Pero por sobre todas las cosas, lo que me desvela (más bien, lo que me enloquece), es el silencio cómplice y, mucho más grave aún, la formulación de los más desopilantes y criminales argumentos discursivos (como el de Pikholtz) para justificar este (nuevo) holocausto al que asiste la humanidad.
Mis amigos del barrio, mis compañeros de la bici, mis vecinos, mis clientes e incluso alguien que ha leído algo que he escrito, me preguntan por mi posición con respecto a este tema. Muchos de ellos esperan de mi parte, una defensa cerrada y corporativa de la política israelí en Palestina. Y no solo no la encuentran, sino que escuchan una enfática condena al exterminio salvaje que realiza Israel. Y también les digo: “Por eso, muchachos, ustedes no se sumen a las manifestaciones antisemitas que también hoy pululan en el planeta. Que todos sepan que este holocausto no lo perpetran ‘los judíos’, lo hace el ejército de Israel y sus aliados. Es contra eso que debemos pronunciarnos”.

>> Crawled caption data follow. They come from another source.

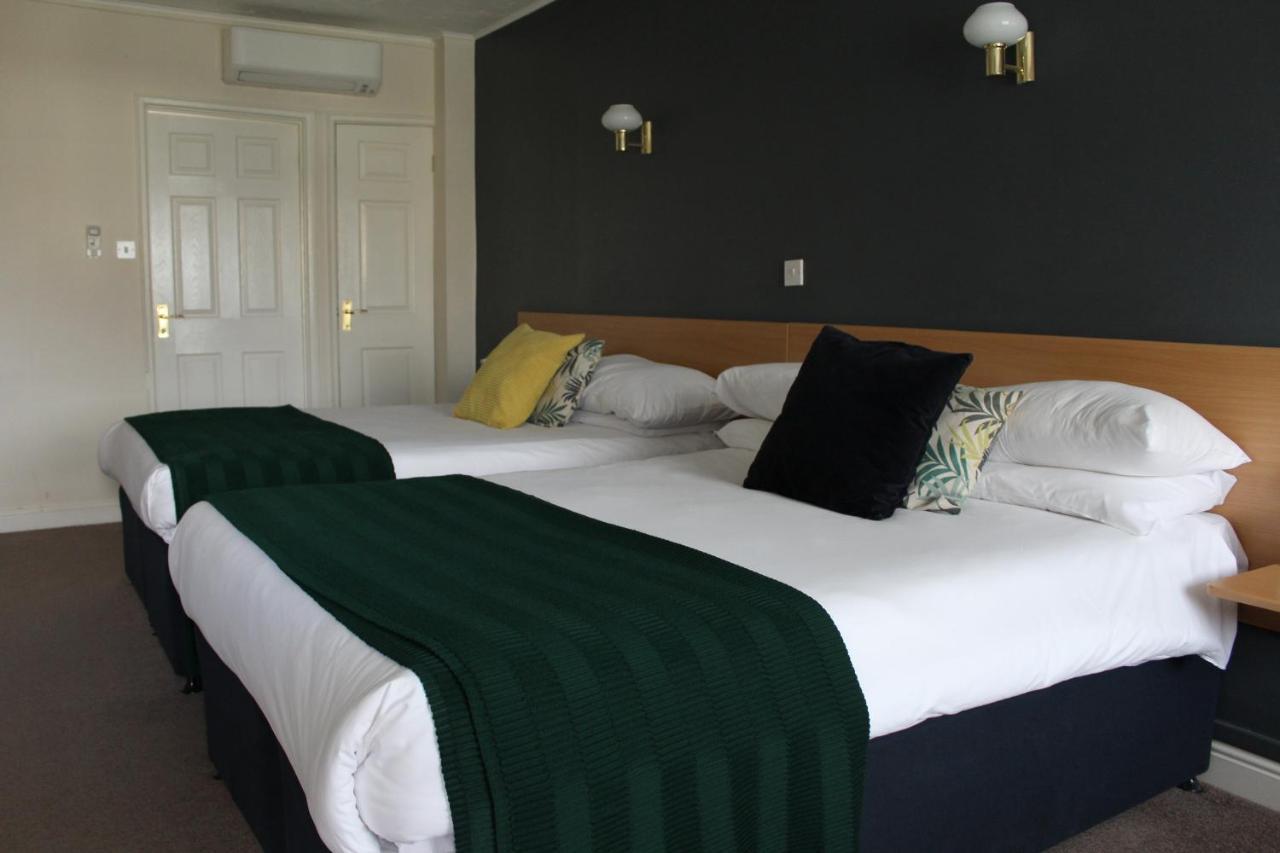 The Town & Country Lodge Dundry ภายนอก รูปภาพ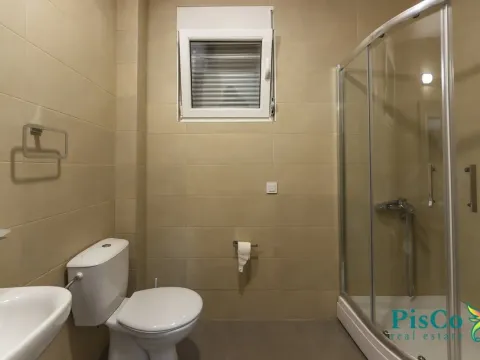 Izdavanje, dvosoban stan, 63m², Blok 9, Podgorica - image 2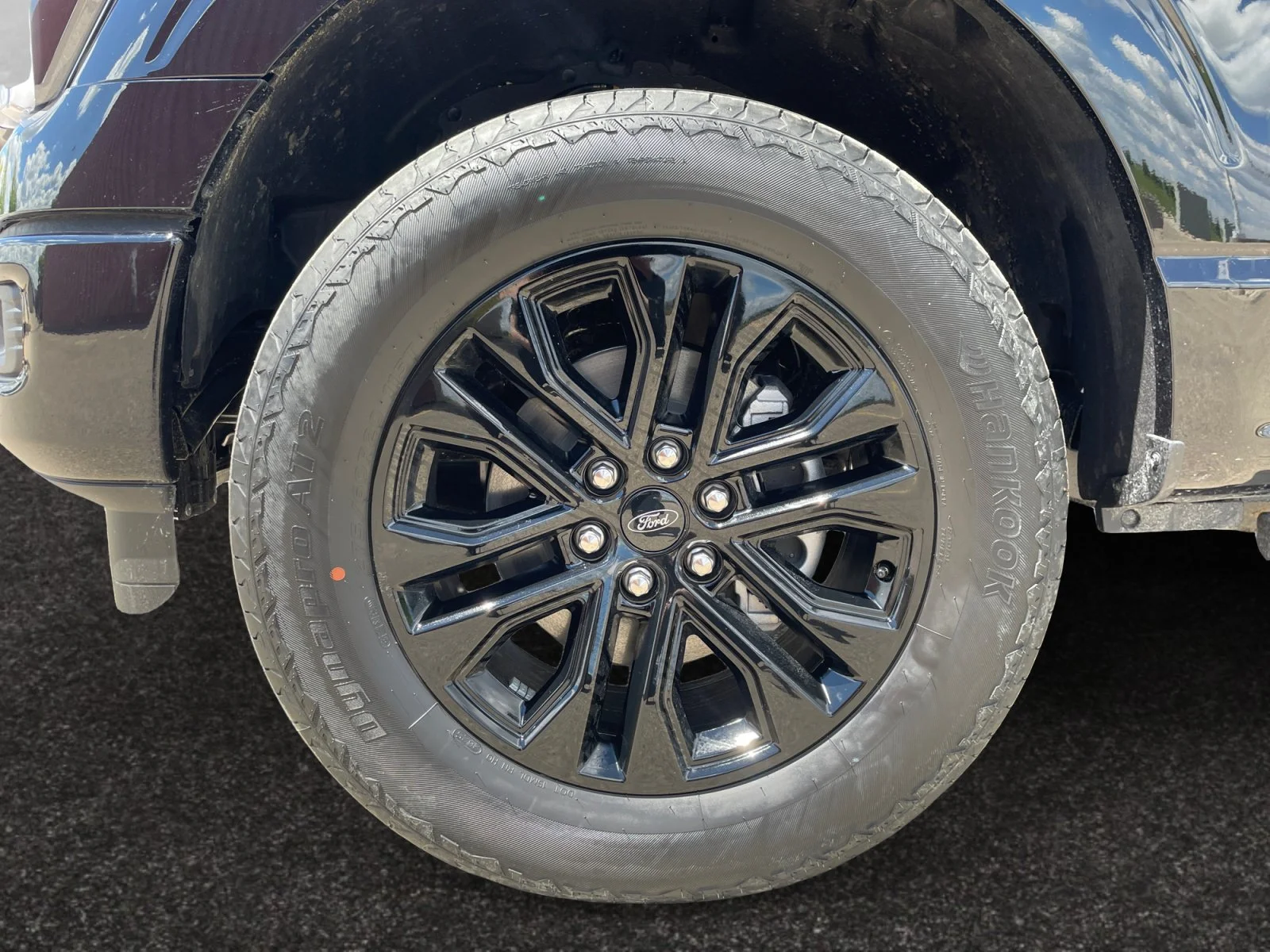 New 2026 Agate Black Metallic Ford Lariat image 9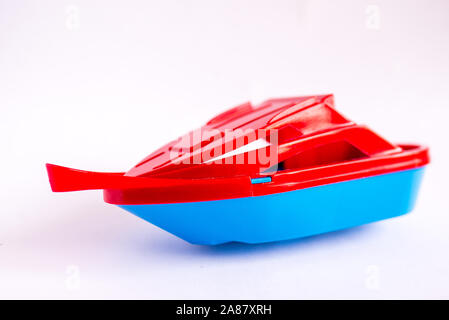 Red Boat auf weißem Hintergrund Stockfoto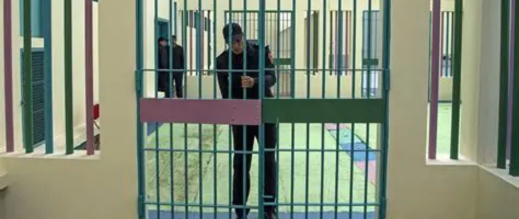 حكم بديل وفريد يقضي بزيارة السجن مرتين في الأسبوع حكم بديل وفريد يقضي بزيارة السجن مرتين في الأسبوع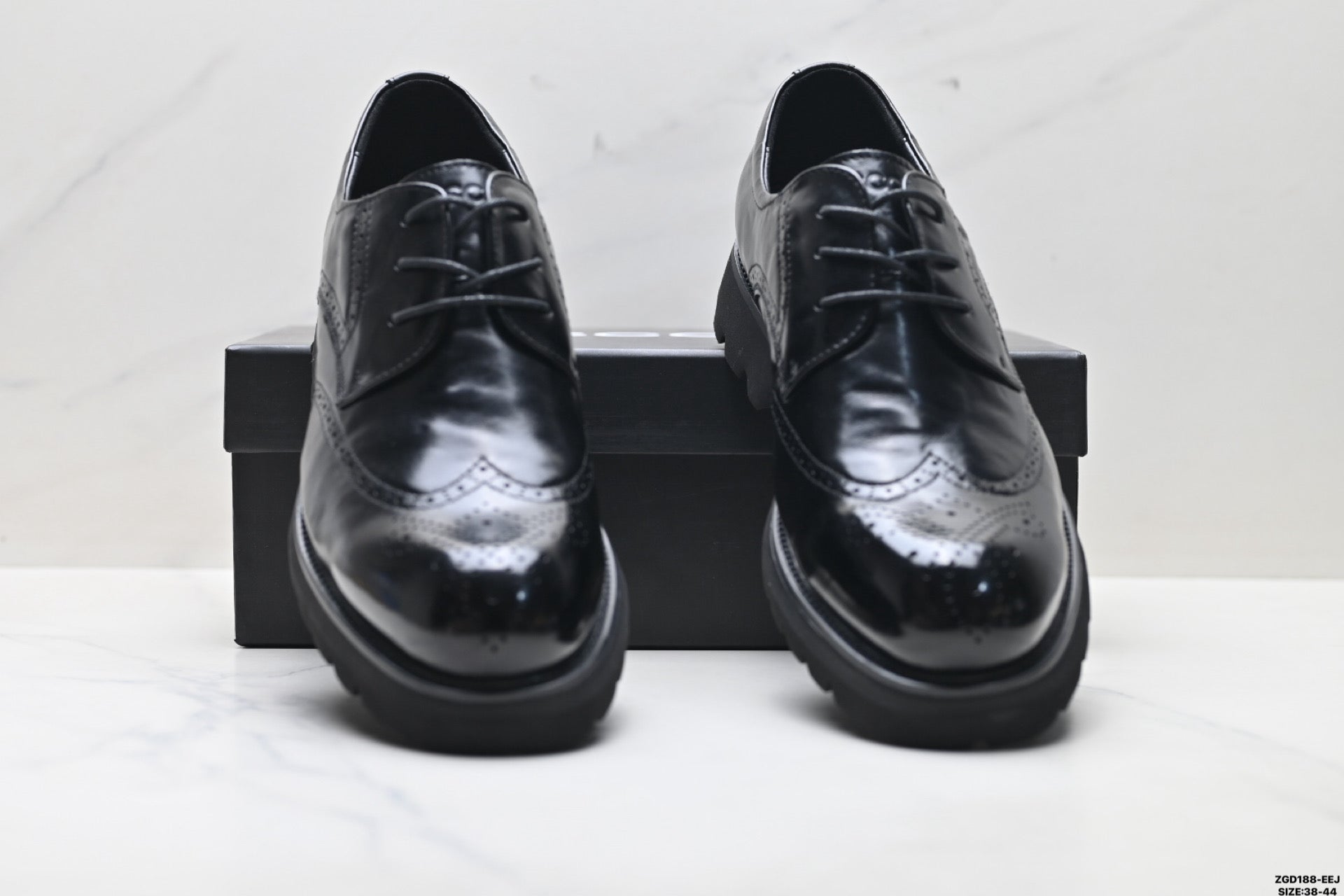 Ecco Lisbon Urban London Collection Leather Shoes, Made of Top-Grain Cowhide, Simple Business Style, Versatile Casual Shoes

Hace unos días se nos fue Sara. Sara Rus. Polaca-argentina, sobreviviente de Auschwitz y Madre de Plaza de Mayo. Mi corazón se estremece de emoción y de gratitud hacia ella. Solo su historia me basta para pensarme. Para pensar la historia, para pensar el mundo en el que vivo. Para enunciar que “no en mi nombre” (ni en el nombre de miles y miles de judíos que nos oponemos) es que Israel perpetra esta masacre. Afortunadamente Sara nos iluminó el sitio donde ubicarnos y desde donde expresar nuestras ideas. Sara Rus tendrá memoria eterna en cada uno de nosotros. Para pensar quién soy y, por sobre todas las cosas, quién debo ser. Coloco con estas palabras una piedra y una flor sobre su querida memoria.